Entrepreneur helps disadvantaged children

A beneficiary of the Hajareen initiative kicks a ball in this undated photo. (Photo: Handout from Anas Ziyadneh)
AMMAN — Young business owner Anas Ziyadneh grew up in a rural area of Jordan. His passion for football has driven him to open a social organization that has provided football training to thousands of children living, like him, in rural areas.اضافة اعلان

“My story inspired the idea of the initiative as I lived in a rural area in Jordan where I was passionate about the game of football from my early years,” Ziyadneh said in an interview with Jordan News. “And I began to look for a place to channel my passion for football.”

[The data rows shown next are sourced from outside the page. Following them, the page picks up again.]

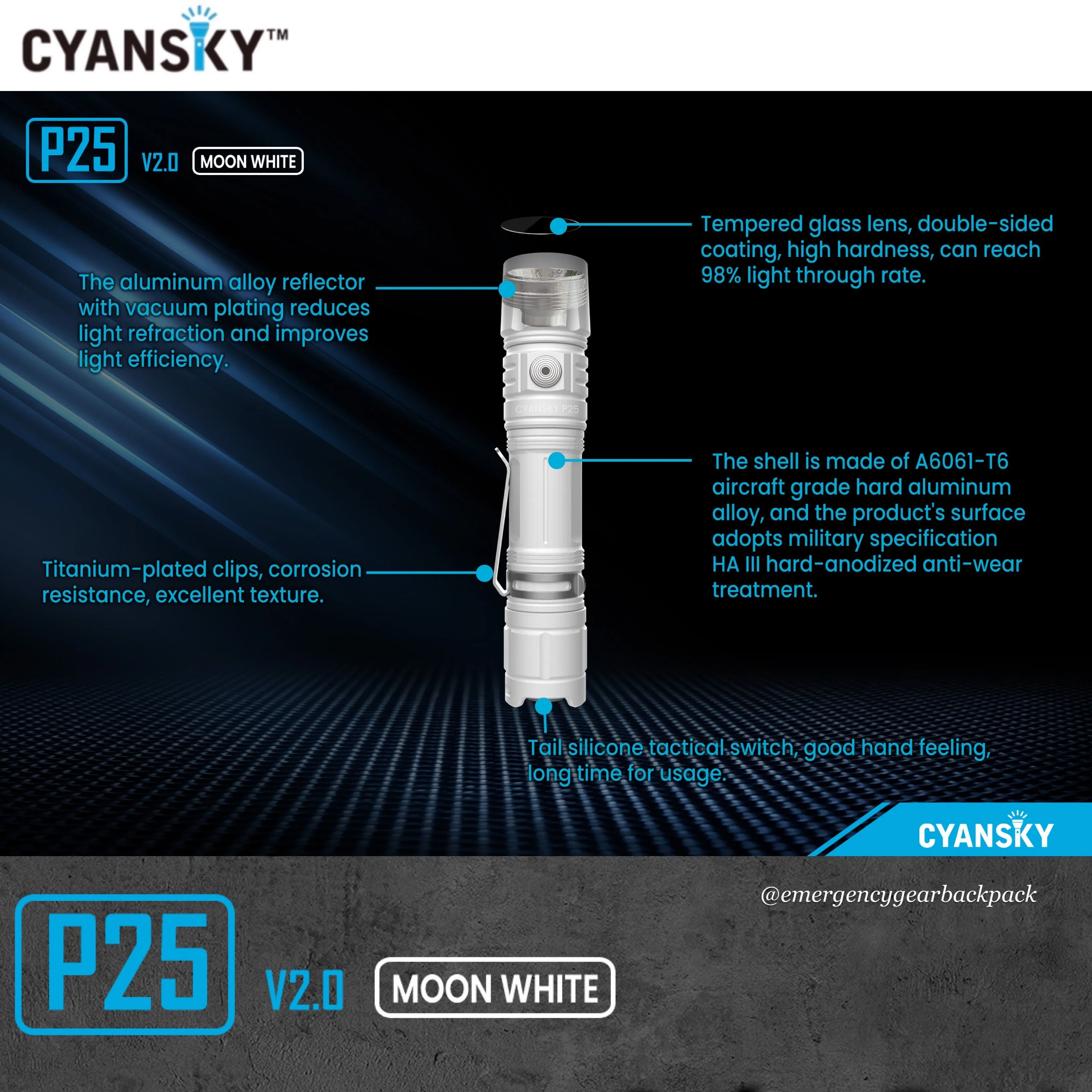 Cyansky P25 V2.0 Moon White Micro-arc Oxidation Outdoor Flashlight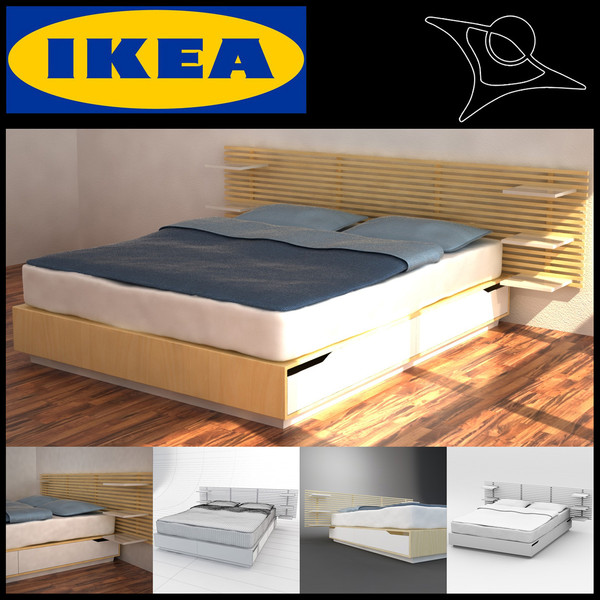 3d model bed ikea mandal - Ikea Mandal Bed by MilosJakubec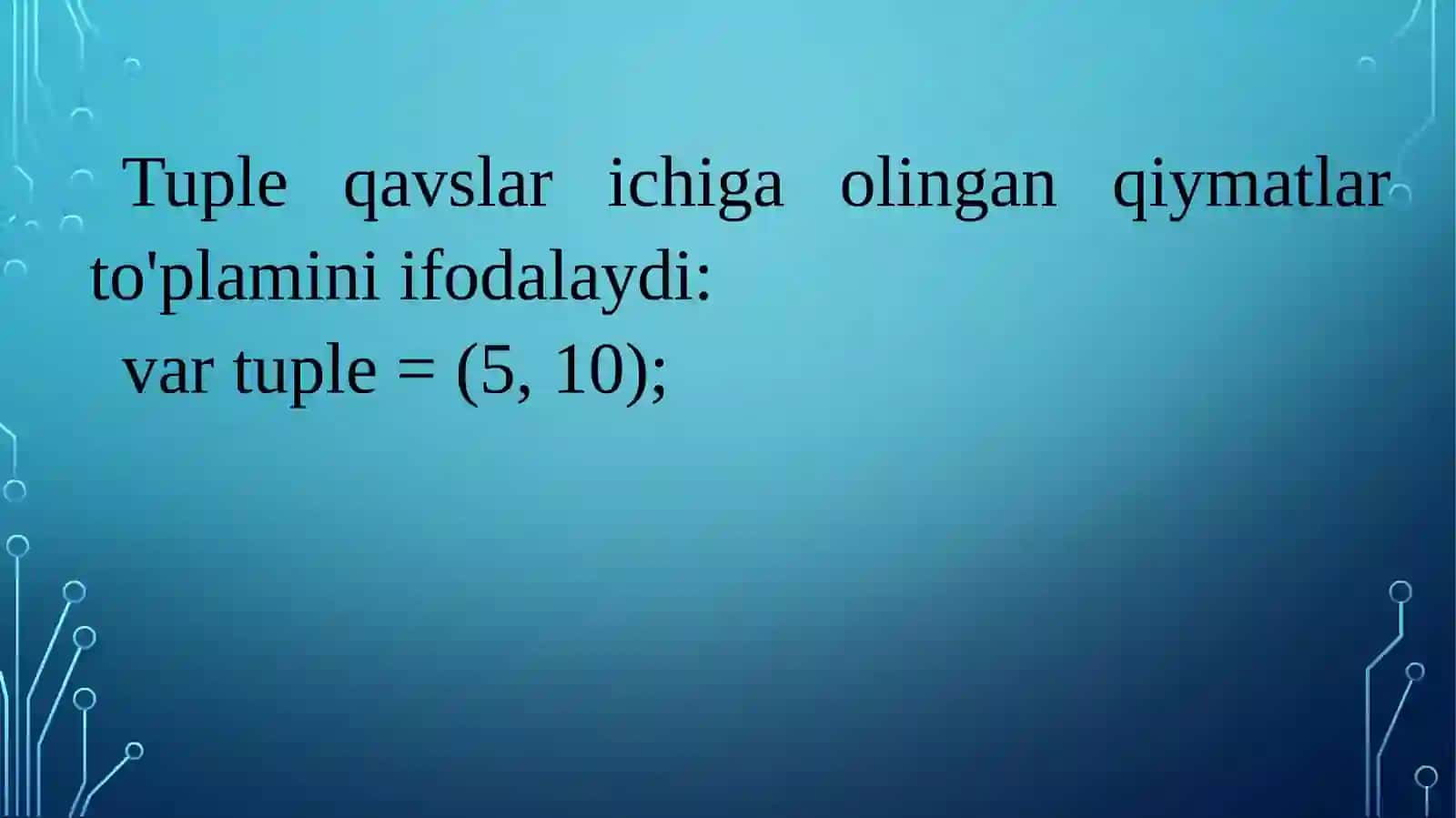Kortejlar. Sanab o‘tiluvchi tur. Strukturalar 3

“I turned to the street because there were no pitches in my area,” the founder recalled. “I painted myself a pitch by putting two stones on the ground as a goal post, and the neighborhood kids began to gather around me for a zealous atmosphere full of love and friendliness.”

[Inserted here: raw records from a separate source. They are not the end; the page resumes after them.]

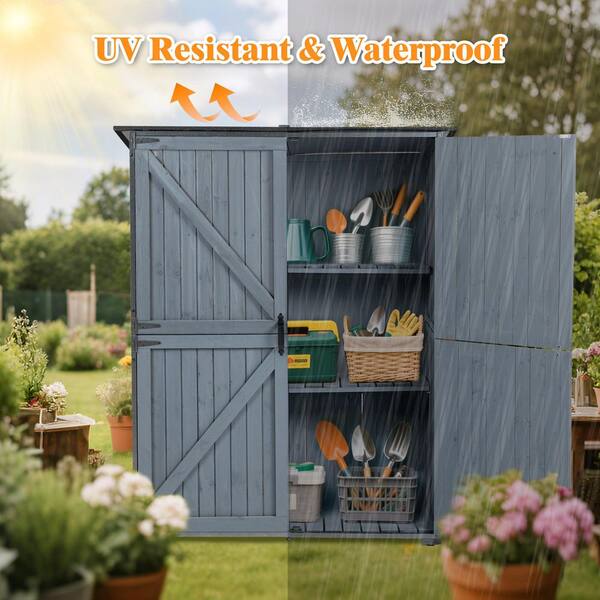 5 ft. W x 2 ft. D Blue Gray Wood Outdoor Storage Cabinet, Garden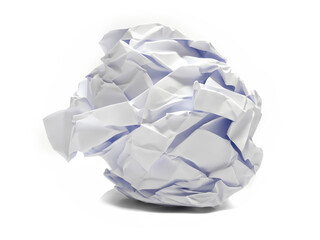 crumpled paper ball  isolated on white, close up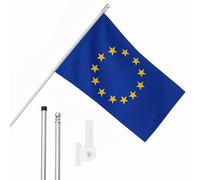I LOVE FANCY DRESS Bandera de la Unión Europea, mástil y soporte de pared, bandera de la UE de 5 x 3 pies con ojales, poste extensible y soporte, decoración para interiores y exteriores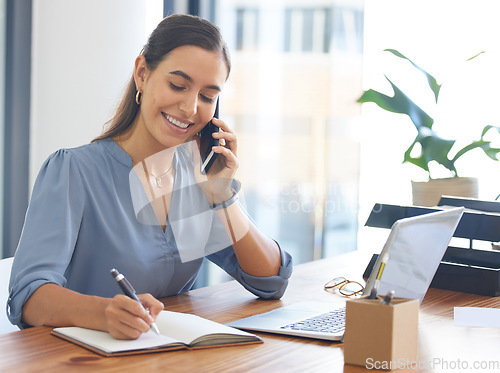 Image of Phone call, happy or business woman writing in notebook in office planning creative strategy or idea. Smile, success or employee with smartphone for communication, networking or startup discussion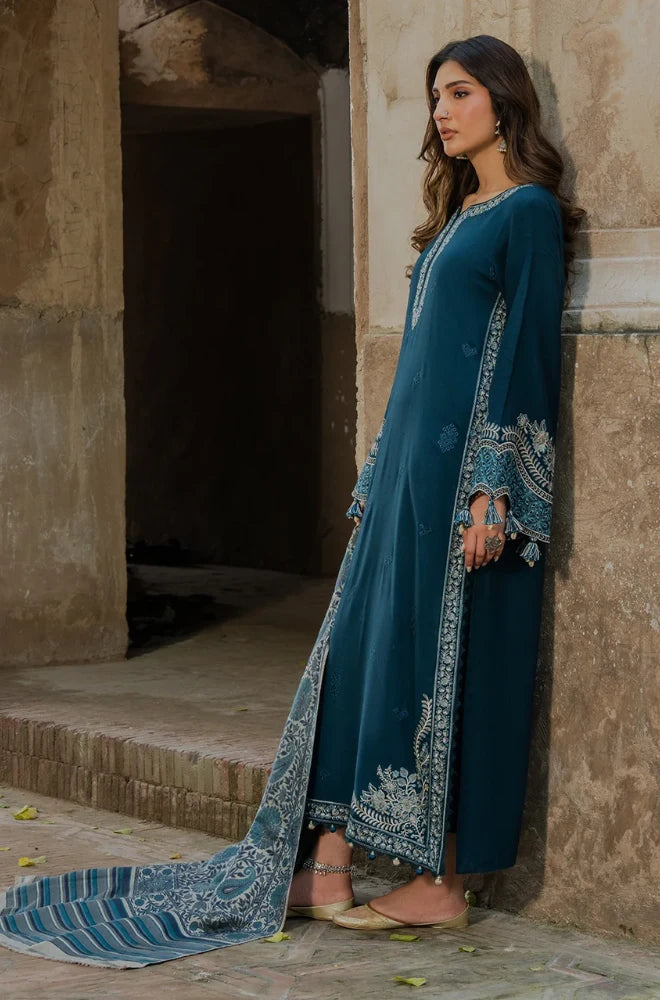 Izel - 3PC Dhanak Embroidered Shirt With Wool Printed Dupatta and Trouser - BFB01007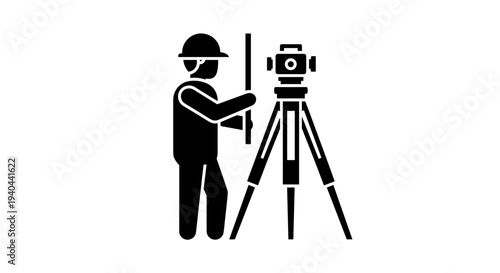 Surveyor Using Theodolite for Measurement.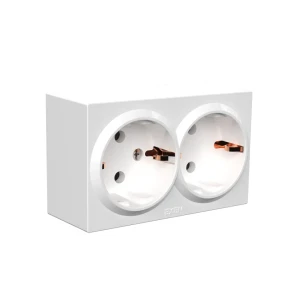 Priză dublă axis 16 a 220 - 240 v alb exen elektrik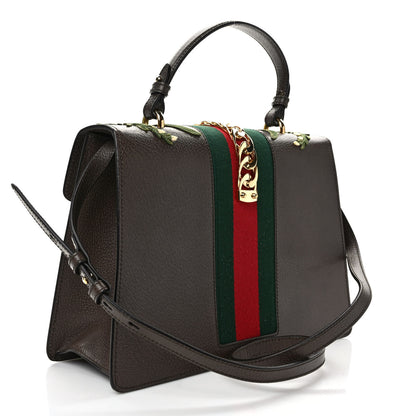 Gucci Calfskin Embroidered Medium Sylvie Top Handle Bag New Acero Multicolor 3 of 9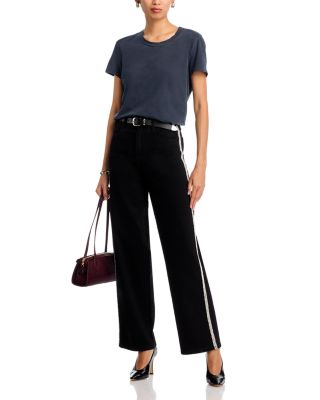 Erika Crystal Embellished High Rise Jeans in Black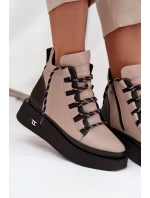 Kožené dámské kotníčkové boty na platformě s Béžové model 21712054 - Artiker Kožené dámské kotníčkové boty na platformě s Béžové model 21712054 - Artiker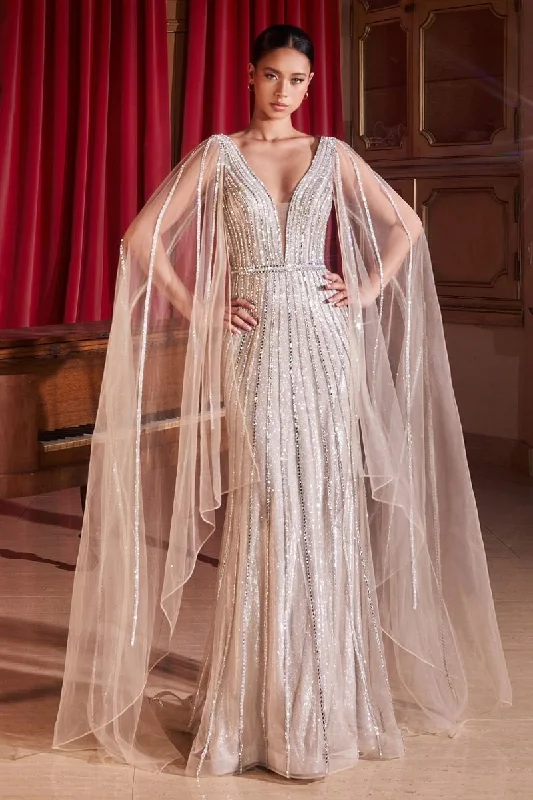 Andrea & Leo Couture CD865 Size 12 Platinum Long Shimmer Formal Dress Crystal Cape Sleeve Pageant Prom Mother Of Tunics Stylish elegant Andrea & Leo Couture CD865 Size 12 Platinum Long Shimmer Formal Dress Crystal Cape Sleeve Pageant Prom Mother Of Tunics Stylish elegant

However, his passion conflicted with the realities of his life in Jordan. “I had a deadly spherical talent compared to my peers, and because of the lack of mentors or anyone interested in talented kids in general, particularly in those rural areas, I decided to forget my dream of being a football player,” the 25-five-year-old football lover said.

“So, I went to the university to study engineering. Over the years, I remembered my childhood days and decided to complete the dream when I saw the glimmer of childhood in the eyes of the children who practiced football,” Ziyadneh said. “From here, the thought to create the Hajareen initiative and its slogan ‘From the Street to the Football Field’ came to be; to help these kids to play in safe areas like playgrounds, with proper sports equipment. We can then lead children in marginalized areas to their ambition of becoming professional football players.”

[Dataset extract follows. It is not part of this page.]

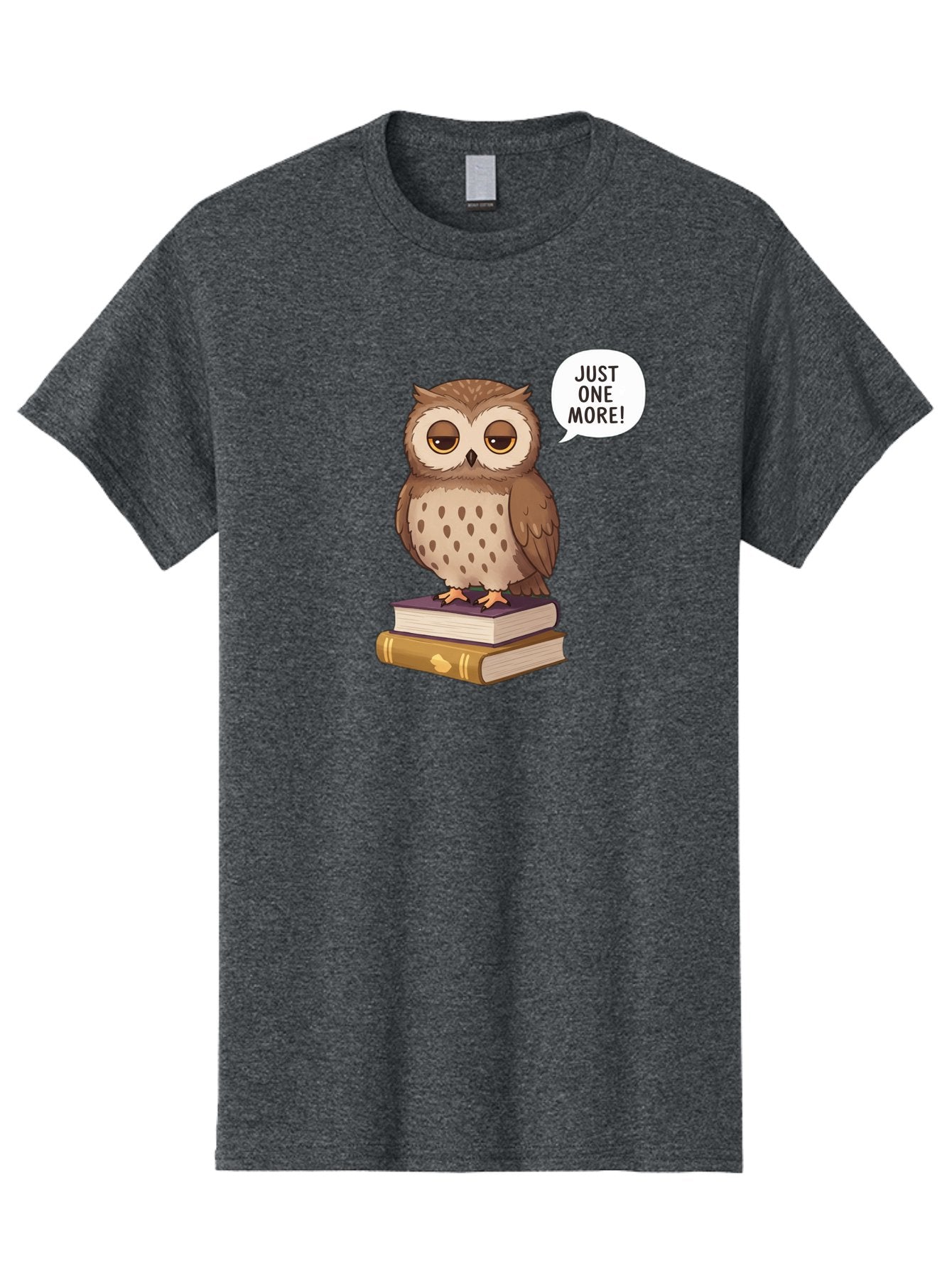 Just-One-More-3 Men'S Graphic Tee, 100% Cotton, Comfortable Casual Summer Wear, Machine Washable, Owl On Books, Reading Owl, Book Lover, Just One More, Cartoon Owl, Humorous Illustration, Reading Addiction, Brown Owl, Book Stack, Adorable Owl Bac082 14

Ziyadneh’s educational initiative provides children from underprivileged communities with free weekly football training sessions. They use specific exercises to cultivate interpersonal skills such as self-confidence, teamwork, and decision-making skills.

“The first factor that helped me in entrepreneurial work is that I am a person that is not afraid of failure and I love trying many things, and I do as much as possible to go through all the difficulties,” he said. “Also, I used to promote the Hajareen initiative on social media sites. We got 15 sources of local and Arab coverage and because Hajareen is a community initiative.”

Through Hajareen, 3,500 boys and girls were trained in different regions of Jordan have received football training and over 3,450 have participated in festivals in schoolyards and playgrounds. Fifty of them have received professional training in football.

“I am fond of the Hajareen initiative, and I postponed semesters at the university so that the initiative does not stop,” said Ziyadneh. “When we started the initiative, it was (an) ... initiative (based on) my friends’ love of the sport, we did not wait for a material income.”

The initiative did run into some obstacles. “The difficulties we faced were financial (ones) because we used to book the football fields. We wanted to transport the children,” Ziyadneh said. “In the beginning, it was difficult, but my insistence on this initiative overcame this.”

“One of the difficulties is that no one believed in the idea,” he added. “Everyone said that ‘you were wasting your future on something that has no benefit,’ but with time they came to believe in the idea.”